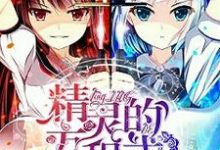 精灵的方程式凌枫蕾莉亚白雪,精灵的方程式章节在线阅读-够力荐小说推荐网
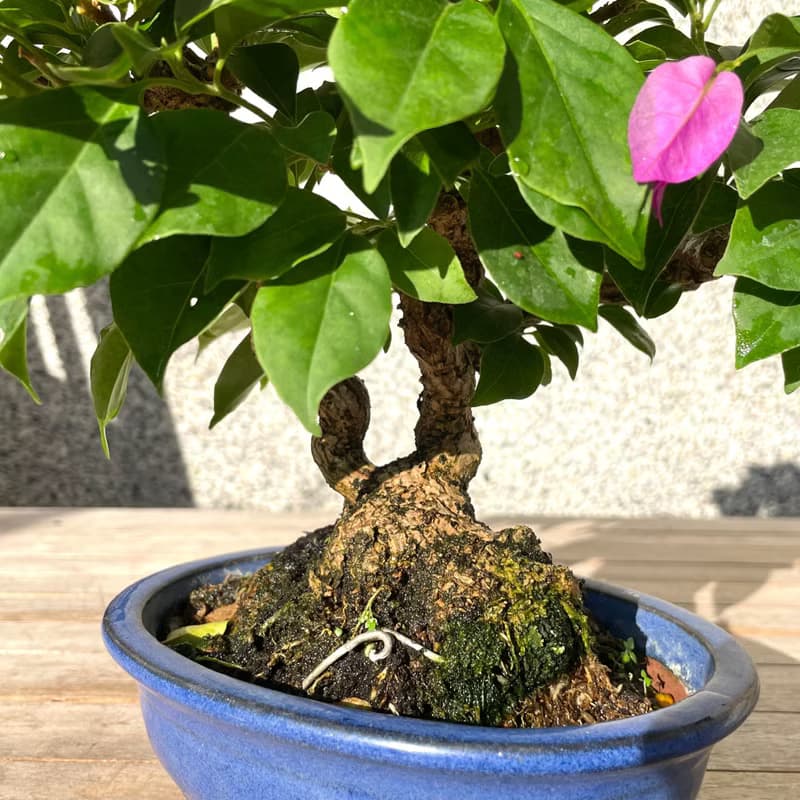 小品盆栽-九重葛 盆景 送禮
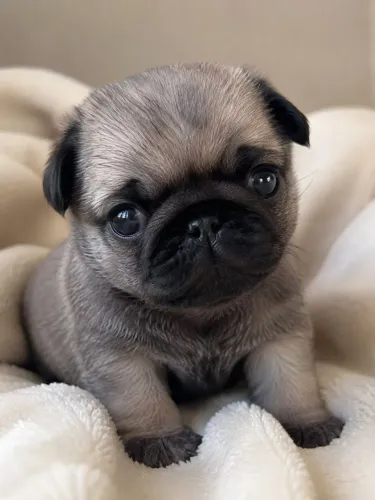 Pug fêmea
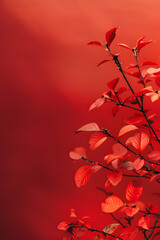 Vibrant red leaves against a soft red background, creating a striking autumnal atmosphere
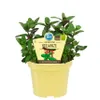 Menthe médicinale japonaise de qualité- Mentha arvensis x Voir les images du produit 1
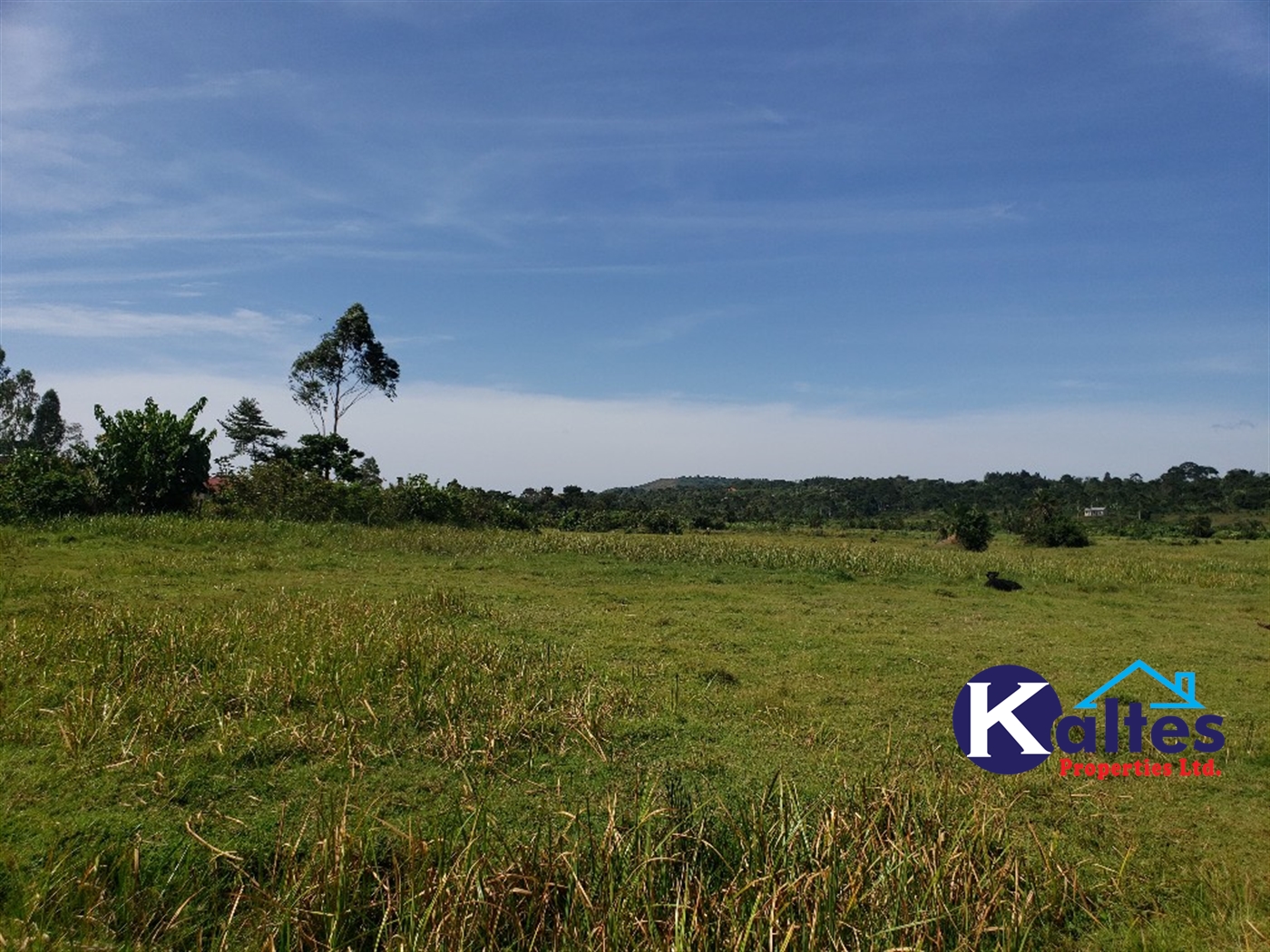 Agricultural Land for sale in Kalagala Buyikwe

........

REQUIREMENT
Pictures excluded, quote all the data above exactly.

TASK SOLUTION
 精灵的方程式凌枫蕾莉亚白雪,精灵的方程式章节在线阅读-够力荐小说推荐网
 小品盆栽-九重葛 盆景 送禮
 Pug fêmea
 Vibrant red leaves against a soft red background, creating a striking autumnal atmosphere
 Menthe médicinale japonaise de qualité- Mentha arvensis x Voir les images du produit 1
 Agricultural Land for sale in Kalagala Buyikwe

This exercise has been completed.